<<<<

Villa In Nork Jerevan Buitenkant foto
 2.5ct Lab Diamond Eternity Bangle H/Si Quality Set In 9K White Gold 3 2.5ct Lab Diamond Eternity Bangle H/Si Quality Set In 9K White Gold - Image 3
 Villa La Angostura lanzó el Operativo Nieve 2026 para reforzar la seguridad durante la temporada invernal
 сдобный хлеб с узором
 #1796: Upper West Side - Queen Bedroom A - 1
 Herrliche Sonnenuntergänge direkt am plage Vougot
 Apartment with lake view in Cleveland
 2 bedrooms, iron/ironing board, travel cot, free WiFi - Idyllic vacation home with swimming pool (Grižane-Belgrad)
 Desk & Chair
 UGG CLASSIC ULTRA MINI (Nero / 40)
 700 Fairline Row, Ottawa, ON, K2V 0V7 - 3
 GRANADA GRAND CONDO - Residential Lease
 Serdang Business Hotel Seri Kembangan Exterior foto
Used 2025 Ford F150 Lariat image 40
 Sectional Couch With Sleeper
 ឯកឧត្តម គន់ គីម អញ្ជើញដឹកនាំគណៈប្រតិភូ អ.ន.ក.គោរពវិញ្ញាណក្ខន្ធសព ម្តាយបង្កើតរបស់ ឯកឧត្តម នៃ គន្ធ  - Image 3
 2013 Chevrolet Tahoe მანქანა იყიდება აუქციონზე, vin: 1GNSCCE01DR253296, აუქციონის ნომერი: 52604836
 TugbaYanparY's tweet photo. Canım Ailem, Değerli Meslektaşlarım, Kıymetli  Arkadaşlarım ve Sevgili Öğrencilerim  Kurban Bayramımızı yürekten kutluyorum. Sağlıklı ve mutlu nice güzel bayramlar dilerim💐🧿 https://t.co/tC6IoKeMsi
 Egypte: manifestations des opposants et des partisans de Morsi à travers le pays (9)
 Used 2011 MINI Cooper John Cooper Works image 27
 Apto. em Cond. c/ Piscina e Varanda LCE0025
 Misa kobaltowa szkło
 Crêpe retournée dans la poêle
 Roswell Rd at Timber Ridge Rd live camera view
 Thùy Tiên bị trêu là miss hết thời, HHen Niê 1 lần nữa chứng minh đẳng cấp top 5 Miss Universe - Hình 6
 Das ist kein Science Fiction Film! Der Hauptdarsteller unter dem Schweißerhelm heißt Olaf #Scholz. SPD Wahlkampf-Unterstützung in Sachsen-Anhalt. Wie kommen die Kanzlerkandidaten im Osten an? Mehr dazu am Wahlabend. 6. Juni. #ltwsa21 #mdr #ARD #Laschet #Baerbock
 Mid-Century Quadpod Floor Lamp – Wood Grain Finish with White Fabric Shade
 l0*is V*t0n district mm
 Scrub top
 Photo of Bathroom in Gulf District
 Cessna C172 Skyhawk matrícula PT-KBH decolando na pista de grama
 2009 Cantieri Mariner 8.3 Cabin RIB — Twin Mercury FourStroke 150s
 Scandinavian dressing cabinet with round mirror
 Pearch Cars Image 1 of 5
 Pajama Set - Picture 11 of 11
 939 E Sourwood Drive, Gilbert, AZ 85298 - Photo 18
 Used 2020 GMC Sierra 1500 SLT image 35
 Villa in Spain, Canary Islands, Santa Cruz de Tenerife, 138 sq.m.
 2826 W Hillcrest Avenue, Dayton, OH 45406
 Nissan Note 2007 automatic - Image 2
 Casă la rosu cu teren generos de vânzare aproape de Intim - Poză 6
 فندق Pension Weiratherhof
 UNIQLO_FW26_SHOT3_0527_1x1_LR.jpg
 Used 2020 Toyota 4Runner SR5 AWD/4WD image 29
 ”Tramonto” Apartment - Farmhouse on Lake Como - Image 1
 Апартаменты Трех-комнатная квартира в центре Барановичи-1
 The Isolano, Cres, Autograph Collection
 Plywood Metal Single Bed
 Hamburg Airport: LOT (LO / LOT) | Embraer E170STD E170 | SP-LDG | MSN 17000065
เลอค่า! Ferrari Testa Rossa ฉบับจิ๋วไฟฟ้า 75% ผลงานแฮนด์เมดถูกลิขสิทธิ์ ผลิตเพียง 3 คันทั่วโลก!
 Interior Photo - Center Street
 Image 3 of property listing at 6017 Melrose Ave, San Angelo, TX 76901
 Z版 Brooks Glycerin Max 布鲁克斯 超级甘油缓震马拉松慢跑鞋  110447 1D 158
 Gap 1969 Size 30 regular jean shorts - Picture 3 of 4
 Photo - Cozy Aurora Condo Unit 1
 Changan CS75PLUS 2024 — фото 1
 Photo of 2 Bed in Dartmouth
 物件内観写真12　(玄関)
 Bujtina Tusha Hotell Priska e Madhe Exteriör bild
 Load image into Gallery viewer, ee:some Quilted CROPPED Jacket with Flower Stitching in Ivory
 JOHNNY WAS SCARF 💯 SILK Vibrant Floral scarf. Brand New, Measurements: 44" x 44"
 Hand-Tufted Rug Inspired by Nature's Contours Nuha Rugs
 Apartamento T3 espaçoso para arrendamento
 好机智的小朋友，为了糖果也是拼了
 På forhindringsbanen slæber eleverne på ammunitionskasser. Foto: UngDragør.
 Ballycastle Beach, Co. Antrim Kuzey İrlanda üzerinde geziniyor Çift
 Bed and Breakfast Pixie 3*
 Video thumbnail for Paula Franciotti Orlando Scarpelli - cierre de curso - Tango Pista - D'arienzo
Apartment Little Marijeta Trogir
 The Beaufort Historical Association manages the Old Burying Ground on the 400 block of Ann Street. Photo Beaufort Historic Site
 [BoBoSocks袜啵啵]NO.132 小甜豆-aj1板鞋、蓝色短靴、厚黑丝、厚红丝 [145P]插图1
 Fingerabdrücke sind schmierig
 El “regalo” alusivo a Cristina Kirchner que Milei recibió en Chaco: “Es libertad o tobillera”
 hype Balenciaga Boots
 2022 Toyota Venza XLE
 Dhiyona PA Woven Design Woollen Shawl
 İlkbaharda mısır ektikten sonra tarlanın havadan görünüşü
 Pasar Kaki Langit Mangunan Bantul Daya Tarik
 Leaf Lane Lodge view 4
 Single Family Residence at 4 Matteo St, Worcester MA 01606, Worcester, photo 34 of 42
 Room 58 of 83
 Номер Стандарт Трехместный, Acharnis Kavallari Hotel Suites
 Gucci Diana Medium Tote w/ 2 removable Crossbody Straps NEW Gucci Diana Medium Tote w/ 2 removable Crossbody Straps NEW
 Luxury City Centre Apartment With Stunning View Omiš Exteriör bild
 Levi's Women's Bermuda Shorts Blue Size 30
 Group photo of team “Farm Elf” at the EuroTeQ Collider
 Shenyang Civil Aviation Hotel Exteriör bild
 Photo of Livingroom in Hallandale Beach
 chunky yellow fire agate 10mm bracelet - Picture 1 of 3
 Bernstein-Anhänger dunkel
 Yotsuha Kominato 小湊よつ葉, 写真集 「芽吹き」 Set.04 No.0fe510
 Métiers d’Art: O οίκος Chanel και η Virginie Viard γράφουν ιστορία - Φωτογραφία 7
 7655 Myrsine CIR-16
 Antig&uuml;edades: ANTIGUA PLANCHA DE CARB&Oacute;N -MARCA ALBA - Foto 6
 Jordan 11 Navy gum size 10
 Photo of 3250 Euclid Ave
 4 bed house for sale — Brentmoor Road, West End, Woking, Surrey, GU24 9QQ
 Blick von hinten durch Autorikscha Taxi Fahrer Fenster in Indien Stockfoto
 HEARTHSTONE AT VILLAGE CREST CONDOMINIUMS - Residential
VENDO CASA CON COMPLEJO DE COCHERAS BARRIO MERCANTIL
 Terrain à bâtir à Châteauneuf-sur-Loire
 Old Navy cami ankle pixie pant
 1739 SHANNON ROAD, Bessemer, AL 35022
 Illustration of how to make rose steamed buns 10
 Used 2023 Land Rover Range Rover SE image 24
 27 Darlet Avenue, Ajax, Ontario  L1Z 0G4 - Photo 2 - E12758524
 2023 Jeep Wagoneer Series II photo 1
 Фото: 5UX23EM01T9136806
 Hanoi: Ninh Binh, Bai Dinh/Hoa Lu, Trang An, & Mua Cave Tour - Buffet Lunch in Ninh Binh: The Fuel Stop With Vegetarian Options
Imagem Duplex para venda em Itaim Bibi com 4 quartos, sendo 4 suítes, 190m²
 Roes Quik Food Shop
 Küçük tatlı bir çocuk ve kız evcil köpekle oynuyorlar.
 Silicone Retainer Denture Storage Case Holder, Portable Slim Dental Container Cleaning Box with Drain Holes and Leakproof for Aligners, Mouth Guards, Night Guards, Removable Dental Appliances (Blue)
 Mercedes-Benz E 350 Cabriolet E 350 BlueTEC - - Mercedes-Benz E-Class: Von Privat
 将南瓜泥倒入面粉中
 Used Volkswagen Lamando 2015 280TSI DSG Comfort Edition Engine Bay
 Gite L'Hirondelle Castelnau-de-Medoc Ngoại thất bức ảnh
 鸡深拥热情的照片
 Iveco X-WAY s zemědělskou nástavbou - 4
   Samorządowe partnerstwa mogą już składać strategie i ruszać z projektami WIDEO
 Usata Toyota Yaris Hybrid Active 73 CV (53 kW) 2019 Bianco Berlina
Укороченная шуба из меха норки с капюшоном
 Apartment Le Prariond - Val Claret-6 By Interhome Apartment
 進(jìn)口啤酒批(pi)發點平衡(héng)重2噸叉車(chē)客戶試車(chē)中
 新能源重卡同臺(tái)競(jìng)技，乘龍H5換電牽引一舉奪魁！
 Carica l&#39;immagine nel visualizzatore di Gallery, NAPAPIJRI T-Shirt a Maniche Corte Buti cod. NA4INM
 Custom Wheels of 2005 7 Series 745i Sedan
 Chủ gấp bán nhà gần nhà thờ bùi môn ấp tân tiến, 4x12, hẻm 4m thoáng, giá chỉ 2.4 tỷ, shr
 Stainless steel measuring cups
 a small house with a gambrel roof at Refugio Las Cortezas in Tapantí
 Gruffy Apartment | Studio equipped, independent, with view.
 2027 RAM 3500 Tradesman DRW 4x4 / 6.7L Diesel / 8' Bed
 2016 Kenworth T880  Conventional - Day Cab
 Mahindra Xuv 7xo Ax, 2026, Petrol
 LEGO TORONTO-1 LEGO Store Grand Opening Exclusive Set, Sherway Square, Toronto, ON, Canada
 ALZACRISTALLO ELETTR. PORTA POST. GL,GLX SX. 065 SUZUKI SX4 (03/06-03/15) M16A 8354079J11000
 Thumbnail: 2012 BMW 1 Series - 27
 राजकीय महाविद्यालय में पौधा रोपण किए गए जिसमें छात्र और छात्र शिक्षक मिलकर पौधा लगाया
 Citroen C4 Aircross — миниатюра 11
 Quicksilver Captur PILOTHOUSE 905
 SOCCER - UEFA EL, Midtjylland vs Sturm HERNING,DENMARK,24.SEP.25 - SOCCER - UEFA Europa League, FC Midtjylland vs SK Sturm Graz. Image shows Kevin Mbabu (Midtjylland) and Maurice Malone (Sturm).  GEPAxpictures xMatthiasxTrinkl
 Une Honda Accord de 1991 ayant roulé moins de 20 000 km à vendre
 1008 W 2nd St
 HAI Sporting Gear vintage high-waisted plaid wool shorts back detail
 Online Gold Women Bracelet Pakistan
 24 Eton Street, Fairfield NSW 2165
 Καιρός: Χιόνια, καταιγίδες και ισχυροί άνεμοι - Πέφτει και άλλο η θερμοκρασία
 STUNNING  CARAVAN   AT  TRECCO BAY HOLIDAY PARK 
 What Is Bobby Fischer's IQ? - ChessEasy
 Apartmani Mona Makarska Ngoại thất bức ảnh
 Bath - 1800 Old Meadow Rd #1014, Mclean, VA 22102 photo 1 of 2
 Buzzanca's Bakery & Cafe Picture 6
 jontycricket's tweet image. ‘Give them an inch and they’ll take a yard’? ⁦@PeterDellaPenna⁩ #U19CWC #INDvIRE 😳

>>>>

● PROBLEM STATEMENT
In the listing above, find the line with "4 bed house" and the line with "新能源重卡同臺(tái)競(jìng)技，乘龍H5換電牽引一舉奪魁！", then print exactly those two lines and every line between them, and nothing more.

● SOLUTION FOR THIS PROBLEM
 4 bed house for sale — Brentmoor Road, West End, Woking, Surrey, GU24 9QQ
 Blick von hinten durch Autorikscha Taxi Fahrer Fenster in Indien Stockfoto
 HEARTHSTONE AT VILLAGE CREST CONDOMINIUMS - Residential
VENDO CASA CON COMPLEJO DE COCHERAS BARRIO MERCANTIL
 Terrain à bâtir à Châteauneuf-sur-Loire
 Old Navy cami ankle pixie pant
 1739 SHANNON ROAD, Bessemer, AL 35022
 Illustration of how to make rose steamed buns 10
 Used 2023 Land Rover Range Rover SE image 24
 27 Darlet Avenue, Ajax, Ontario  L1Z 0G4 - Photo 2 - E12758524
 2023 Jeep Wagoneer Series II photo 1
 Фото: 5UX23EM01T9136806
 Hanoi: Ninh Binh, Bai Dinh/Hoa Lu, Trang An, & Mua Cave Tour - Buffet Lunch in Ninh Binh: The Fuel Stop With Vegetarian Options
Imagem Duplex para venda em Itaim Bibi com 4 quartos, sendo 4 suítes, 190m²
 Roes Quik Food Shop
 Küçük tatlı bir çocuk ve kız evcil köpekle oynuyorlar.
 Silicone Retainer Denture Storage Case Holder, Portable Slim Dental Container Cleaning Box with Drain Holes and Leakproof for Aligners, Mouth Guards, Night Guards, Removable Dental Appliances (Blue)
 Mercedes-Benz E 350 Cabriolet E 350 BlueTEC - - Mercedes-Benz E-Class: Von Privat
 将南瓜泥倒入面粉中
 Used Volkswagen Lamando 2015 280TSI DSG Comfort Edition Engine Bay
 Gite L'Hirondelle Castelnau-de-Medoc Ngoại thất bức ảnh
 鸡深拥热情的照片
 Iveco X-WAY s zemědělskou nástavbou - 4
   Samorządowe partnerstwa mogą już składać strategie i ruszać z projektami WIDEO
 Usata Toyota Yaris Hybrid Active 73 CV (53 kW) 2019 Bianco Berlina
Укороченная шуба из меха норки с капюшоном
 Apartment Le Prariond - Val Claret-6 By Interhome Apartment
 進(jìn)口啤酒批(pi)發點平衡(héng)重2噸叉車(chē)客戶試車(chē)中
 新能源重卡同臺(tái)競(jìng)技，乘龍H5換電牽引一舉奪魁！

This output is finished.